Adelaide Hills townships near the fire are assessing the damage but residents said there had been no talk of legal action against the Cherryville resident who lit a bonfire to burn some vegetation.
There are no laws prohibiting bonfires to be lit out of the fire season in the Adelaide Hills.
Many landowners use bonfires to get rid of branches and other vegetation collected during the fire season when cleaning up their properties.
Cherryville residents Chris and Glyn Rippin, who are building their dream home next door to where the fire began, labelled the blaze a tragic accident.
“This could have happened to any Hills dweller,” Mr Rippin said. “He’s really distraught over the whole thing, especially for the poor people who lost their home.”
Another resident said the community was “very concerned for him and his wife, who is terribly upset”.
The fire began as a bonfire on a small Cherryville property on Thursday, 10 days after the end of the fire danger season.

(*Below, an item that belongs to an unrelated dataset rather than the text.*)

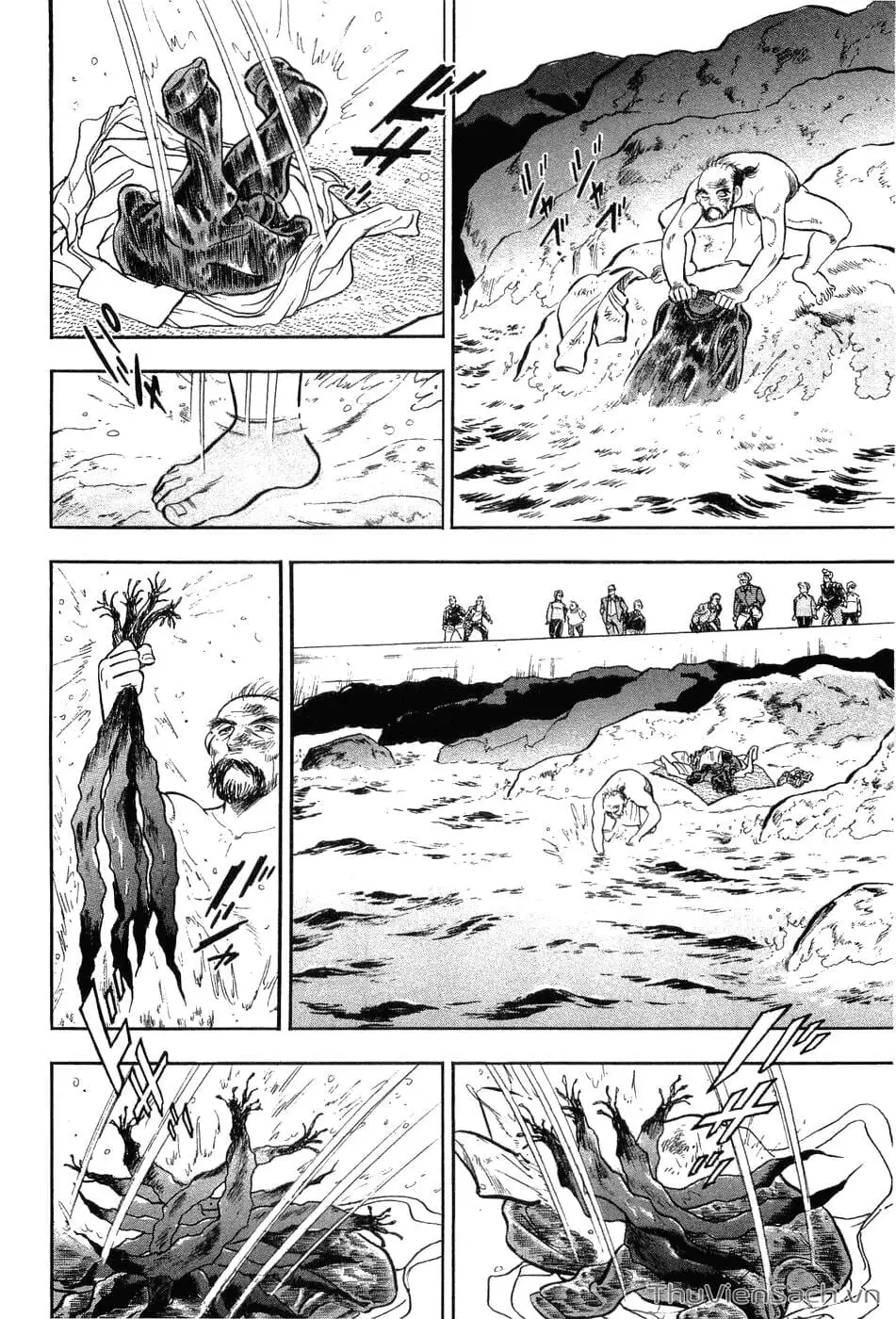 Chapter 7 - Image 2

Adelaide Hills Council does not require a permit or notification of burn-offs or bonfires on rural properties outside the fire danger period, from December 1 to April 30.
Class action lawyer Peter Humphries said people conducting legal burn-offs were not totally protected from legal action if the fire became an out-of-control blaze.
Some residents spoken to by The Advertiser said they were unaware if legal action could or would even be considered by those affected by the fire.
Mr Humphries said even with a permit, or burning outside the fire danger season, a person could be liable if they had been negligent.
“People just can’t burn with gay abandon; they must take all the precautions necessary such as firefighting equipment,” he said.
“The normal standards of duty of care would apply in this case, especially on a really hot day.”
The man believed to have started the fire was not at his Cherryville property when The Advertiser visited yesterday afternoon.
Basket Range resident Phil Broderick said the larger community may not know that the fire was accidental.
“The people of Cherryville, they know this fella – it’s an accident,” he said.
“But if you don’t know that or think it’s someone being reckless it would make people angry.”
James Rippin and his family said the incident could happen to anyone and that fires were an unfortunate part of living in the Hills.
“I don’t think anyone’s got any malice towards him though – it could happen to anyone,” he said.
But Cherryville resident Roy Fitzhenry said Thursday’s burn-off was reckless, given the weather conditions.
“The temperature was too high and the wind was too great,” he said.
A Country Fire Service spokesman said yesterday an investigation into the cause of the fire was continuing and a briefing would be held this morning.
The State Government confirmed plans to review the existing burn-off policy.
Plans include the possibility of extending the fire ban season beyond April to limit burn-offs and avoid a repeat of the Cherryville bushfire.
More than 250 firefighters and four aerial water bombers tackled the blaze, which also destroyed two sheds. About 10mm of rain and cooler conditions today also helped.